【 ⑧ぽこピー:92点 】- VTuberは、ぽこピーだけ見てればいい vol.8 –

【 ⑧ぽこピー:92点 】

【 YouTubeチャンネル→https://www.youtube.com/channel/UC1EB8moGYdkoZQfWHjh7Ivw
【 活動開始:2018年2月2日 】
【 チャンネル登録者数:26.1万人 】
【 直近再生回数(平均):11.98万回 】


【 ◆◆ 長所・視聴するメリット ◆◆ 】
【①動画の頻度・質共に業界トップクラス】
【➁コミュニケーション能力に長け、業界の各方面に人脈を築いている】
【③V界トップクラスのお笑い・バラエティ・トークスキル】
【④リアルな兄妹萌えを楽しめる】
【⑤強烈な仕事量・業界研究量・成長率】
【⑥仕事に対するモチベーションが強く、今後更なる成長が見込める】
【⑦庶民的な趣味嗜好・金銭感覚を持ち、幅広い視聴者が楽しめる】
【⑧他Vや視聴者を絶対に傷つけない、優しく安全なキャラクター】
【⑨個人勢とは思えない技術力】


【 ◆◆ 短所 ◆◆ 】
【①ぽんぽこが調子を崩せばユニットごと崩壊する】
【➁VTuberの中では地味。ファーストインパクトに欠ける】
【③コラボ先では仕事を優先する余り本質的な売りを出し損ねる。営業・アピール下手】
【④声優の訓練を積んだVTuber達に声や歌、芸で負ける】


【 ◆◆ 本文の要約 ◆◆ 】
 ぽこピーは少々地味で爆発力に欠けるVTuberユニットだが、若さや、一過性のネタを売りにしない事から先々まで需要が見込め、活動を続ける限り未来は明るい。ユニットをチーム化し、ぽんぽこに依存し過ぎな活動形態を改める事が急務だが、それを実行出来るのはピーナッツくんしかいない。


【 概要 】
 ぽこピーは、「ぽんぽこちゃんねる」にて活動するぽんぽこ(妹)・ピーナッツくん(兄)で構成されたVTuberユニット。コミュニケーション能力に長け、強烈な仕事量をこなすおバカな妹と、コミュ障で打たれ弱いが、視野が広く強いセンスを持ち、サポート能力に秀でる兄で構成されている。前衛のぽんぽこ、後衛のピーナッツくんといった具合にお互いの弱点をお互いの長所で補い合っており、非常にバランスのいい二人組。

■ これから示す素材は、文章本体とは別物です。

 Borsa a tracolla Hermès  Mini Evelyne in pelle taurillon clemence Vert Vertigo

2018年初頭にデビューした先行・中堅ユニットだが、同時期に活動を開始したVTuber達と比べて登録者数がかなり伸び悩んだ。2021年7月に悲願の登録者数20万人を突破してから勢いに乗り、現在は半年に5万人ペースで登録者を得ている。

チャンネルに上げている動画は活動初期から良質だったが、微妙なルックスのタヌキ女子と、攻め過ぎたデザインの黄色い生き物がジャンルを絞らずに動画を上げるという、初見では食指が動かない活動形態が登録者数の増加を阻んだと思われる。現在でも他所にコラボで出向いた際は、一体どういう関係の二人がやっている、どんな方向性のユニットなのか初見では到底分からない有様だ。ぽんぽこは初見ではガラの悪い東京の女にしか見えないし、ピーナッツくんは捻くれた根暗男・・は割とそのままかも知れないが、つまりアピール下手で営業能力に乏しく、他所から人を引っ張って来る事が苦手と言える。

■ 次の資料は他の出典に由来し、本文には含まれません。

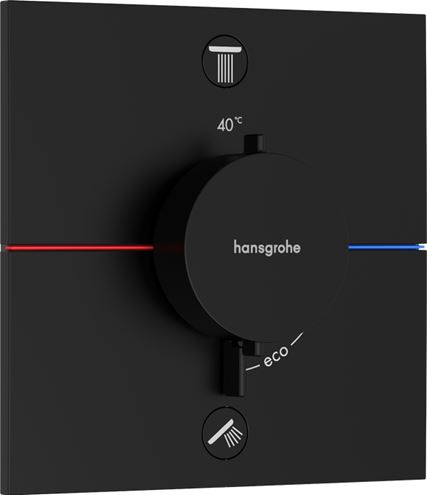 HANSGROHE SHOWERSELECT COMFORT E podomítková termostatická baterie, pro 2 spotřebiče, matná černá 15572670 Obrázek - Hlavní obrázek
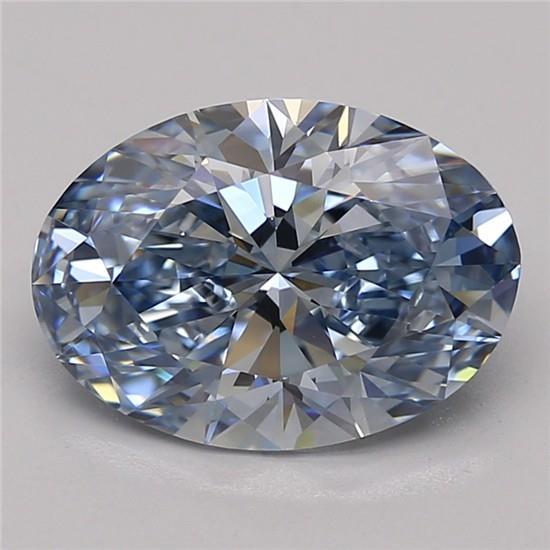 3.01 Ct. Fancy Vivid Blue Oval Lab Grown Diamond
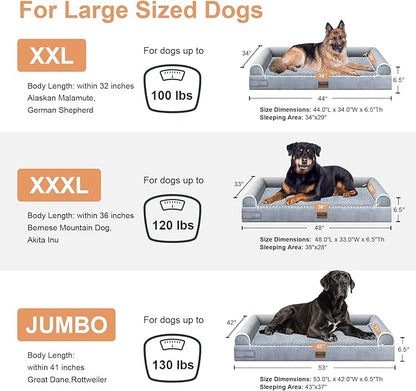 Large Dog Bed Orthopedic Washable: Extra Large Sized Beds for Jumbo Dogs Egg Crate Foam Sofa Couch Waterproof Removable Cover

私個人はおめシスを視聴していてぽこピーに辿り着いたのだが、初期のコラボを何回観ても、「声優を志すも花開かず、扱いに困った所属事務所が適当なキャラデザで無理に組ませ、低予算でデビューさせたやる気のない二人組(男の方は相方を女としてアリだと思っている)」にしか彼らの事が見えず、どうにも興味が湧かなかったものだ。

登録者数が伸び悩んでも腐らずコツコツと活動を続け、V界の各所に人脈を築いて顔を出し、蒔いた種が活動開始から足掛け4年でようやく花開いたのだと思うと非常に感慨深い。

彼らは元々滋賀の田舎で実家暮らしをしていた、しがないサラリーマンとフリーターの兄妹で、おめシスのような技術力や大手所属Vのような声優並の声、資金力も持たず、V界に先行出来た事以外これといって恵まれた点は無かった訳である。社会的に見ればどちらかと言えば負け組に属する二人が真っ当な努力を重ねて大成する、これは弱者のサクセスストーリーだ。主人公は歳を重ねてもどこか大人になりきれなかった二人、頼れる者は兄妹しかおらず支え合ってここまで来た、と考えると泣ける。ネット民から愛されるのもよく分かる。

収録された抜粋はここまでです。